I was infuriated and frustrated by that knowledge. To my white co-worker, talking about her stock gains and investments in the company probably seemed like innocent inner-office gossip, but for me, it was evidence of how the chips are stacked so differently for black and white women in this industry. Although she was senior to me and in a director role, she wasn’t inherently better suited for her job in fashion; she simply had access to a career, unlike the majority of women of color manning the warehouse or phone switchboard. She knew the right people (namely the company’s founder), had most likely been coached and encouraged from a young age, and been given opportunities that guaranteed her success. And moreover, she was educated on exactly how to become profitable in the business. I understand that most business practices, no matter the industry, are shrouded in secrecy; it’s supposed to be difficult to penetrate the inner circle. But if black and brown women could barely enter the industry, how were we supposed to succeed in it? Well, we weren’t: I remained the only black hire in my department until I left nearly two years later.

Julia Sarr-Jamois, Shala Monroque, and Tamu McPherson, early street-style stars. Photo: Getty Images

In 2019, words like “diversity” and “inclusion” are everywhere in fashion. (I’m not saying the concepts are actualized everywhere, but the words sure are.) In 2009, they were nowhere. But I saw small rumblings of an industry shift. Street-style photographers began narrowing their lenses upon the likes of Tamu McPherson, Shala Monroque, and Julia Sarr Jamois, while a handful of black celebrities began to receive equal attention from luxury brands.
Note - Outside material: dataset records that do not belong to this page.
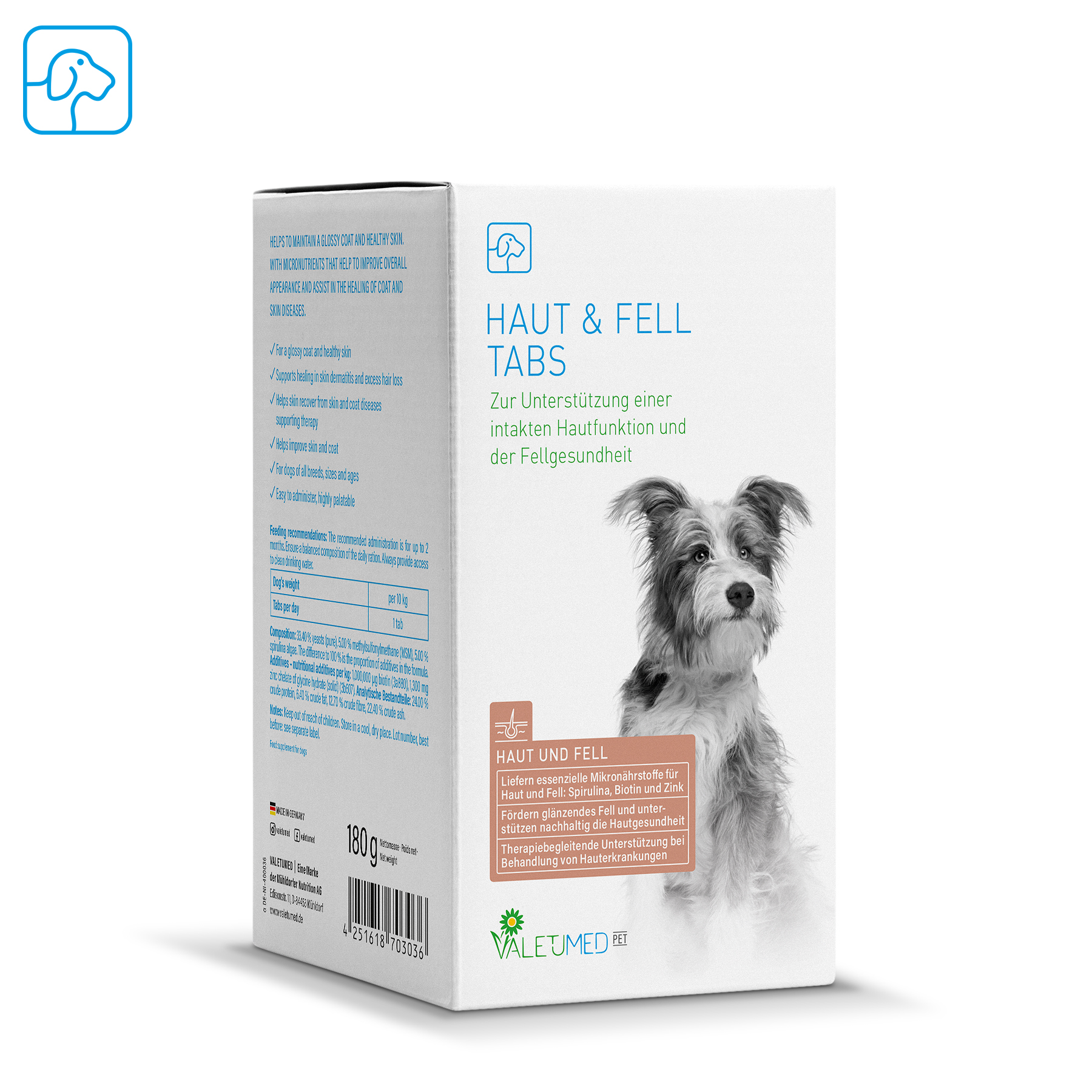 Valetumed Haut & Fell Tabs 180 g Zur Unterstützung einer intakten Hautfunktion und der Fellgesundheit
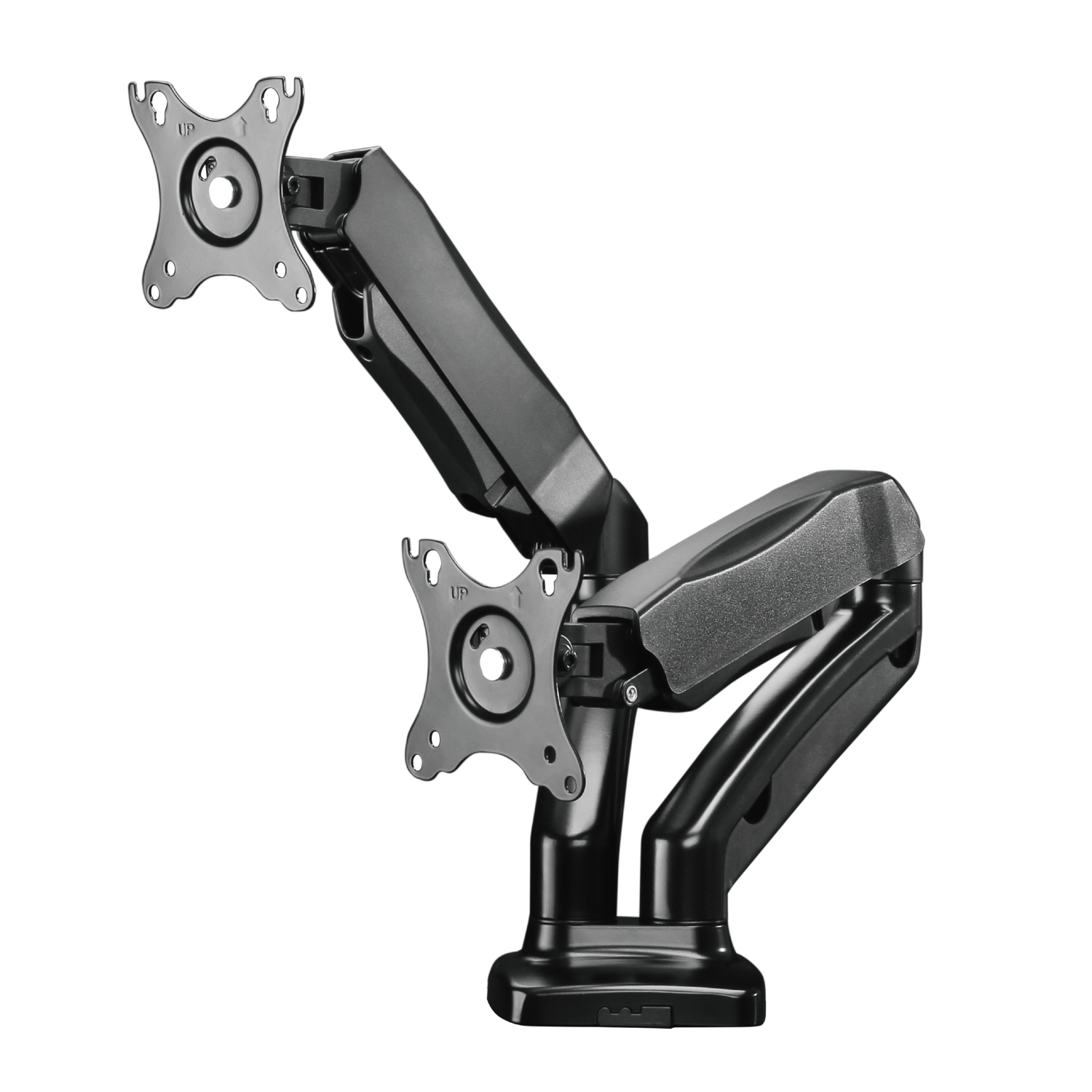 Black dual monitor arm with two screens attached, on a black background.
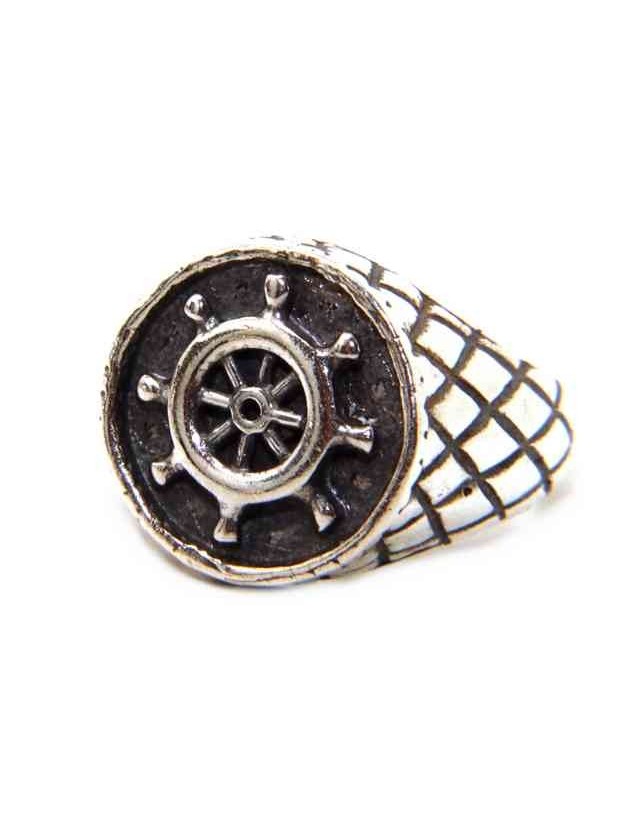 Anello a rombi argento 925 chevalier regolabile Timone nautico Anello a rombi argento 925 chevalier regolabile Timone nautico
Rihanna, Kanye West, Ciara, and Beyoncé were being considered bankable enough that brands were willing to hang entire campaigns upon them.

But while black folks and our style sizably influenced trends and designers, we did not own stakes within it — at least not in the ways that, say, a Bernard Arnault did. As my career in fashion progressed and I became a journalist, I found that I was often the only black woman in the room.

By the time I got to Vogue in 2015, as a senior fashion writer, the temperature had changed drastically within the business, and my approach was sizably different from the beginnings of my career in fashion. Social media was helping democratize the industry — bloggers, influencers, and photographers of color were generating their own content independently of major publishers, and using their own platforms to become more vocal about fashion and popular culture. If, say, Black Twitter accused Valentino of cultural appropriation for braiding models’ hair into cornrows, that conversation became headline news, rather than being siloed to the classroom like years before. This made it easier for myself and my black peers to move those conversations to fashion’s center.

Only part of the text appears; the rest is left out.